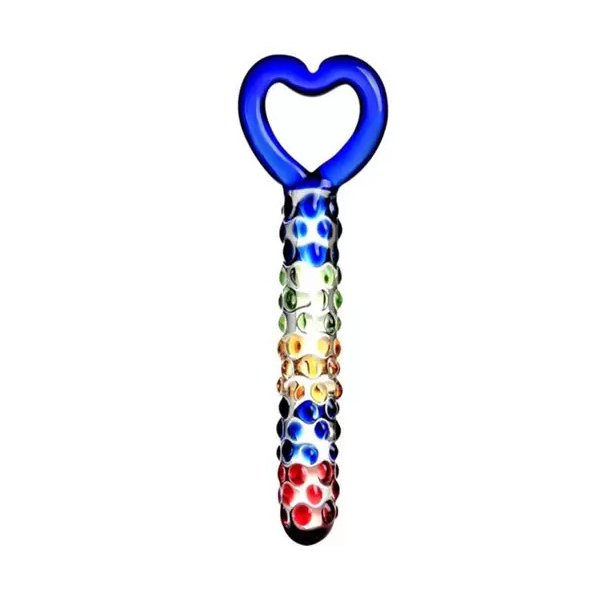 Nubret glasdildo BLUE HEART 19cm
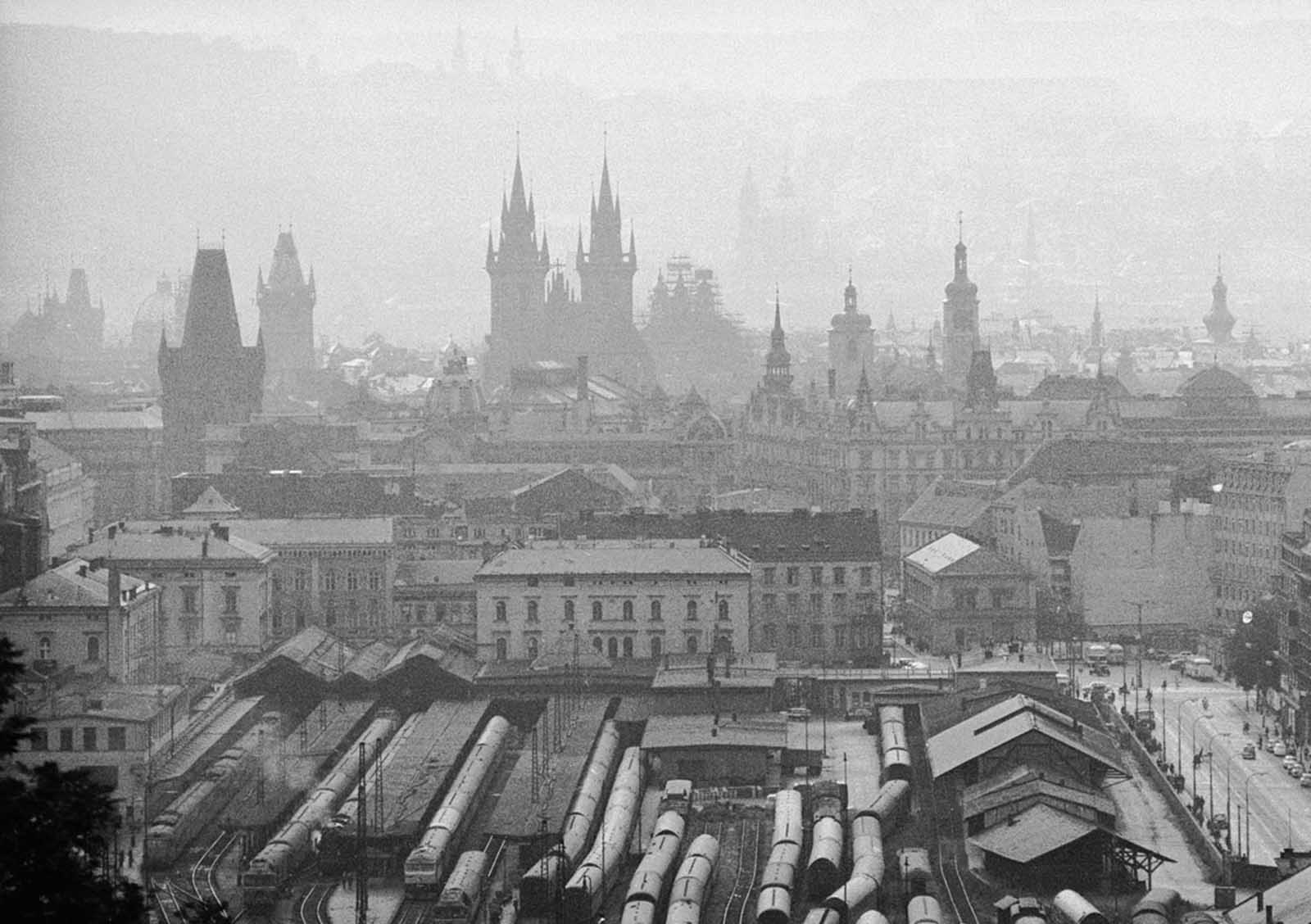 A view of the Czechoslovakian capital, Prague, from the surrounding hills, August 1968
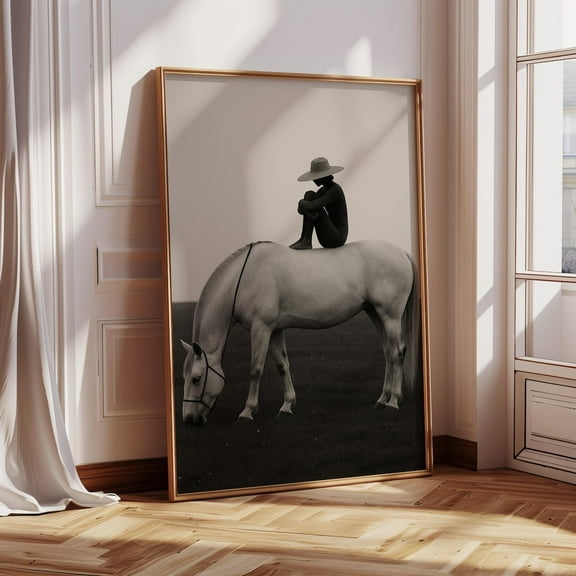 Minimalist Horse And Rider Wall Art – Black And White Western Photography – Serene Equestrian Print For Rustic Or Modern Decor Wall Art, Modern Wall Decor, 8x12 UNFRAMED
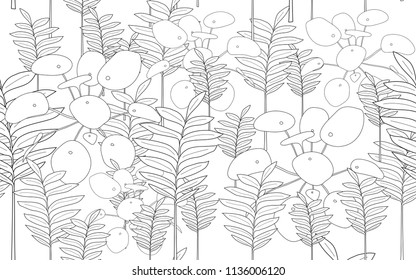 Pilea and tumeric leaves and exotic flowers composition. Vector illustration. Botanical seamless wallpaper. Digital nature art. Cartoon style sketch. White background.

--

• Required work: Only the pictures stay behind; everything else in the data above is to be retyped exactly.

• The completed task:
 Nubret glasdildo BLUE HEART 19cm
 A view of the Czechoslovakian capital, Prague, from the surrounding hills, August 1968
 Minimalist Horse And Rider Wall Art – Black And White Western Photography – Serene Equestrian Print For Rustic Or Modern Decor Wall Art, Modern Wall Decor, 8x12 UNFRAMED
 Pilea and tumeric leaves and exotic flowers composition. Vector illustration. Botanical seamless wallpaper. Digital nature art. Cartoon style sketch. White background.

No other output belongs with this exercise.